Once back at camp, we went back to eating incredible food, drinking, and burning shit.

Two of fallen's friends fried up a huge batch of frog legs - probably the best I've ever eaten - and pxatim followed that up with what were undoubtedly the-best-porkchops I've ever tasted, accompanied by an amazing medley of bacon and Brussels sprouts.

Speybait came and went; T.J. Brayshaw broke out his banjo; fatman broke out his guitar; and Crouching Tiger serenaded us on his tuba.

It was all going well - just another sedate, convivial Friday night - when someone started yelling, "Burn the couch!
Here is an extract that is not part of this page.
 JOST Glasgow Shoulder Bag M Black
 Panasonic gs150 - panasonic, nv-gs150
Burn the couch!"

It was a request that simply couldn't be denied, so someone helped me carry it over from the burn pile and toss it onto our fire.

Someone then yelled, "Someone needs to sit on that!" and some idiot complied, and then someone else shouted, "Stay there while I get my camera!" The idiot sitting on the couch then yelled, "Hurry up! It's getting fucking hot!" and by the time he jumped off everyone got busy moving shit away from the fire.
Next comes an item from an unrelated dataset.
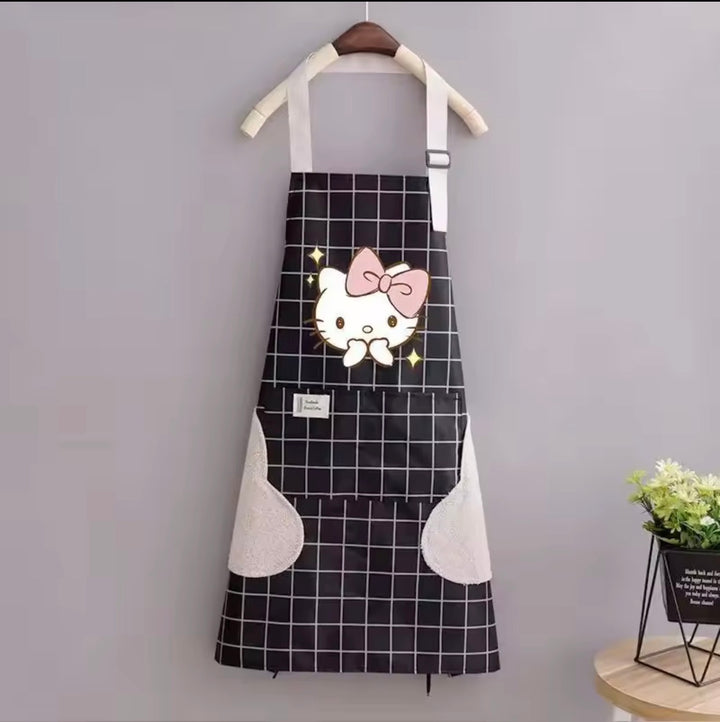 Apron Hello Kitty / Tablier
The couch burned twice as hot and a helluva lot higher than the chair, and I can remember hearing fallen say, "That roof is going to go any minute now."
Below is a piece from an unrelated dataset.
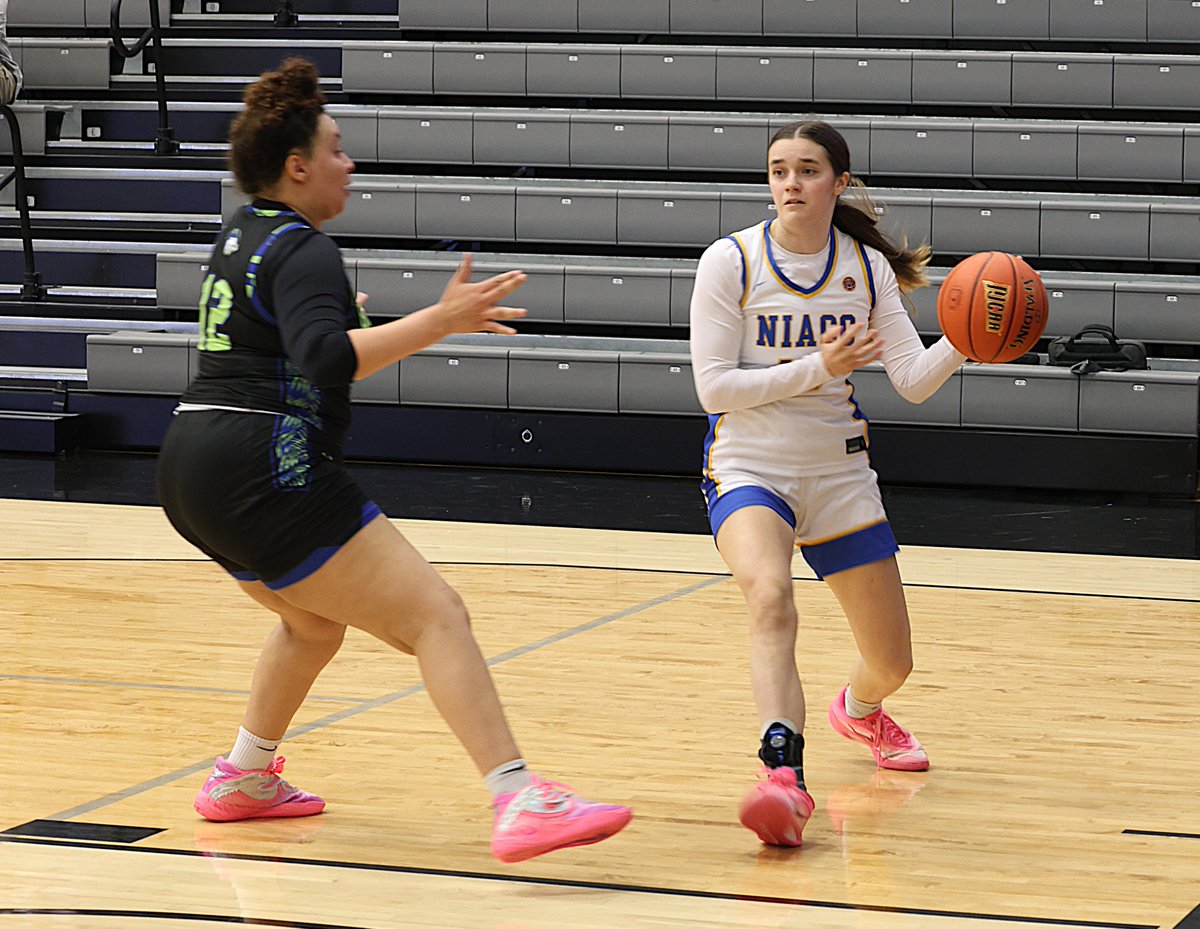 Winner, winner .... the No. 15 NIACC women's basketball team moved to 6-0 with a 81-55 win over Bryant &amp; Stratton (Wis.) tonight at the Kirkwood Classic in Cedar Rapids.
The greased ledge of exhilaration suddenly got pretty fucking narrow, and for a moment I thought we'd quickly find ourselves falling into the abyss of disaster, but it wasn't meant to be.

As skullion was heading for bed, he came up to me and touched the tops of my ears.

"What are you doing?"

"I'm thoroughly convinced you're part Vulcan. I'm just not sure why your ears aren't pointed."

Eventually everyone else went to bed as well, with the exception of fallen, Greg, and me.

Greg had been telling me all evening that the next day he was going to take me out and get me into fish. I'd told him repeatedly that it wasn't necessary, but he kept insisting. He now turned to me and said, "OK. I know exactly where I'm going to take you, but we need to be on the river well before sunup."

"Fine. When do we have to leave?"

He looked at his watch and said, "Now. We need to start driving right now."

I threw my gear into the back of Greg's truck while Seth grabbed a bottle of Weller and a cooler full of beer, and then the three of us squeezed into the bench seat and hit the road.
I've got a broken foot and poison ivy on my dick.